Important: if multiple goods have an equal cheapest price in a group, this query will return all of them. If you only want one result per group you have to specify the tiebreaker, for example:
SELECT MIN(goodId), temp.groupId, MIN(temp.minPrice)
FROM (SELECT groupId, MIN(price) AS minPrice FROM t_goods GROUP BY groupId) temp
JOIN t_goods ON temp.groupId = t_goods.groupId AND temp.minPrice = t_goods.price)
GROUP BY temp.groupId
With this query in hand, you can then find the name and price of the single cheapest good in each group (lowest goodId will be used as tiebreaker):
SELECT groupId, grname, gd.name, t3.minPrice
FROM t_groups AS gr
LEFT JOIN (SELECT MIN(goodId) AS goodId, t1.groupId, MIN(t1.minPrice) AS minPrice
FROM (SELECT groupId, MIN(price) AS minPrice FROM t_goods GROUP BY groupId) t1
JOIN t_goods ON t1.groupId = t_goods.groupId AND t1.minPrice = t_goods.price
) t2
) t3 ON gr.groupId = t3.groupId
LEFT JOIN t_goods gd ON t3.goodId = gd.goodId
This final query performs two joins at its "outer" level:
joins groups with the "goodId and cheapest price for each group" table to get the goodId and cheapest price
then joins with the goods table to get the name of the good with this goodId
It will produce only one good per group, even if multiple goods are tied for cheapest.

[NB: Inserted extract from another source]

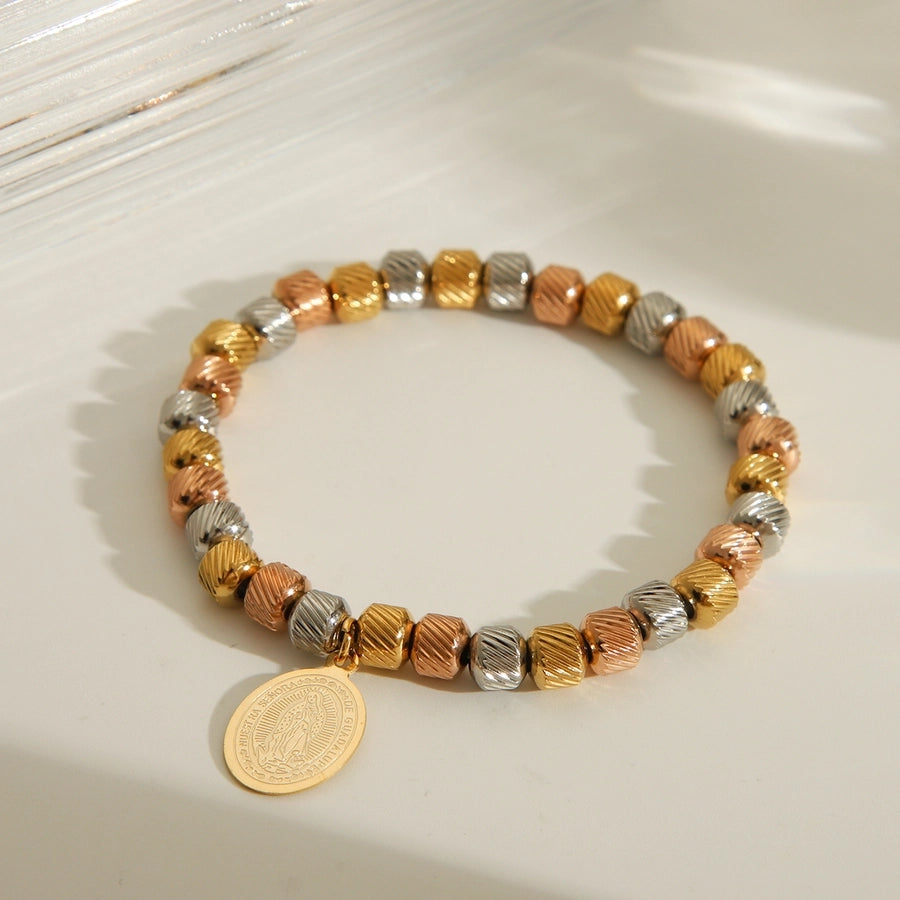 Simple Style Classic Style Solid Color 201 Stainless Steel Elastic string 18K Gold Plated Bracelets In Bulk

Here's how you could do it:
select
t_groups.grname as `name of group`,
t_goods.name as `name of good`
from (
select
groupId,
min(price) as min_price
from t_goods
group by groupId
) as mins
inner join t_goods
on mins.groupId = t_goods.groupId and mins.min_price = t_goods.price
inner join t_groups
on mins.groupId = t_groups.groupId
How this works:
mins subquery gets the minimum price for each groupId
joining mins to t_goods pulls all of the goods out that have the minimum price in their group. Note that this could return multiple goods in a single group, if there are multiple goods with the minimum price
that's then joined to t_groups to get the group name
Your query was presumably returning NULLs because it was left joining to a subquery with only one row.